The Reserve Bank says the risks to the financial system from the current overheating house market may be actually greater than those posed by the pre-global financial crisis housing boom.
Deputy Governor Grant Spencer said the RBNZ was 'seriously considering' the use of macro-prudential tools to help moderate house price inflation pressures. See here for our articles on macro-prudential tools.
"In the pre-GFC housing boom, with hindsight and with the macro-prudential framework we now have, we would most likely have applied macro-prudential instruments with the aim of reducing systemic risk," Spencer said in a speech today to Business New Zealand.
"In the current situation, with house prices and household debt ratios starting from much higher levels, and with interest rates at historically low levels, the risks to financial stability may well be greater,” he said.
Spencer said that of the four macro-prudential tools available, the loan-to-value-ratio (LVR) instrument "is the one with the best scope to dampen the current strong demand for housing, as well as reducing the risk to bank balance sheets".
Earlier the RBNZ had appeared not to favour using controls on high LVRs. However, in a recent speech RBNZ Governor Graeme Wheeler strongly hinted that the bank might after all look to apply such limits. The language from the RBNZ has gradually got stronger on the subject since. But to this point the bank has stopped short of saying when such controls might be introduced. And Spencer's speech today gave no greater clues.
Macro-prudential policy is intended to be used as needed, to reduce significant but transitory risks affecting the broad financial system.
Spencer said that in the central bank's view the strength of housing and credit demand in New Zealand was not being fully reflected in the aggregate credit data.
"Total outstanding mortgage credit growth is increasing but still at lower rates – of around 5% to 6% per annum – than in the previous boom," he said.
"However these growth rates are net of debt repayments, which have been significantly higher in the years since the GFC.
"New mortgage approvals and loans have been growing at a faster rate and are now comparable with the pre-GFC peak levels.
"The value of house sales is now also near the 2006-07 peak levels," Spencer said.
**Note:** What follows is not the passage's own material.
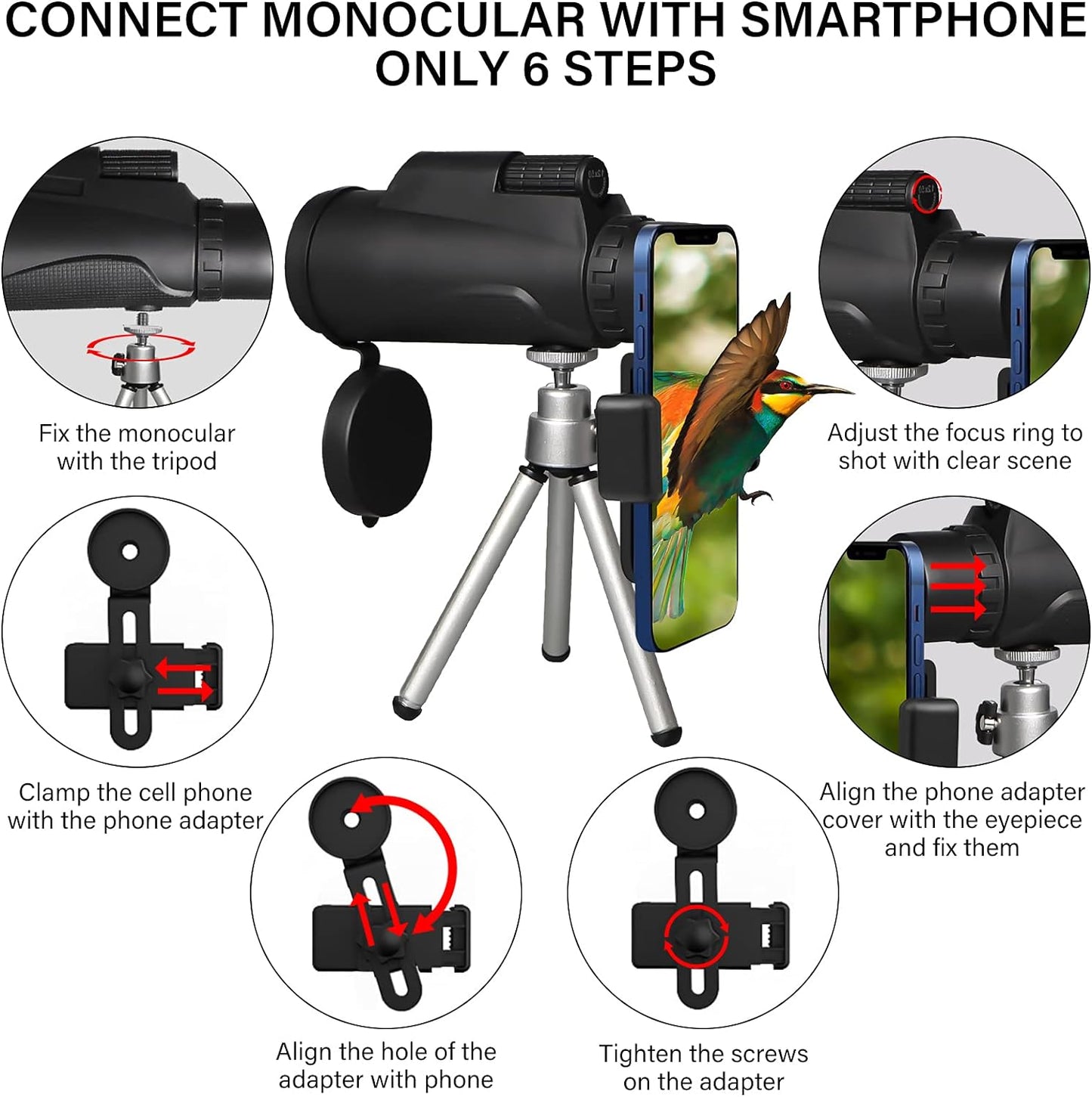 Starscope Monocular 12x50 HD Monocular Telescope with Holder, Tripod and Wrist Strap - Waterproof, Fogproof, Rugged and Bright for Bird Watching, Hiking, Hunting, Travel, Ball Games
These trends would not be of real concern If house prices and debt were rising from depressed levels, he said.
"However the current house price and debt trends are on top of already high base levels – both by historical and international standards."
He said New Zealand had the fifth-highest house price overvaluation, relative to incomes, in the OECD.
"The further house prices are stretched, the more likely it is we will see a disruptive downward correction at some point in the future.
"While the banks’ balance sheets are currently in good shape with strong capital and liquidity buffers, such a correction could be very damaging if combined with a serious economic or financial shock to New Zealand.
"With some slack still in the economy, housing cannot yet be described as a threat to overall inflation. Higher interest rates are not the right policy response at this time," Spencer said.
While limited house supply is at the heart of the problem, strong demand supported by easy credit is underpinning the rapid escalation of house prices, Spencer said.
“The new macro-prudential policy framework has been developed to address just this kind of macro-financial imbalance. The Reserve Bank is therefore seriously considering the use of macro-prudential policy,” he said.
The four potential macro-prudential instruments included in a Memorandum of Understanding between the Reserve Bank and the Minister of Finance all work in quite different ways to reduce financial system risk.
“While we believe that LVR restrictions could have significant benefits in terms of reducing systemic risk in the housing market, they are not a panacea.
We know that LVR restrictions could introduce market distortions. However, we need to assess inefficiencies against the potentially significant economic and financial damage that could result from a housing boom that ends in a severe housing downturn.
“While macro-prudential policy measures might make credit less accessible for a period, they should help to make house prices more affordable in the longer term,” Spencer said.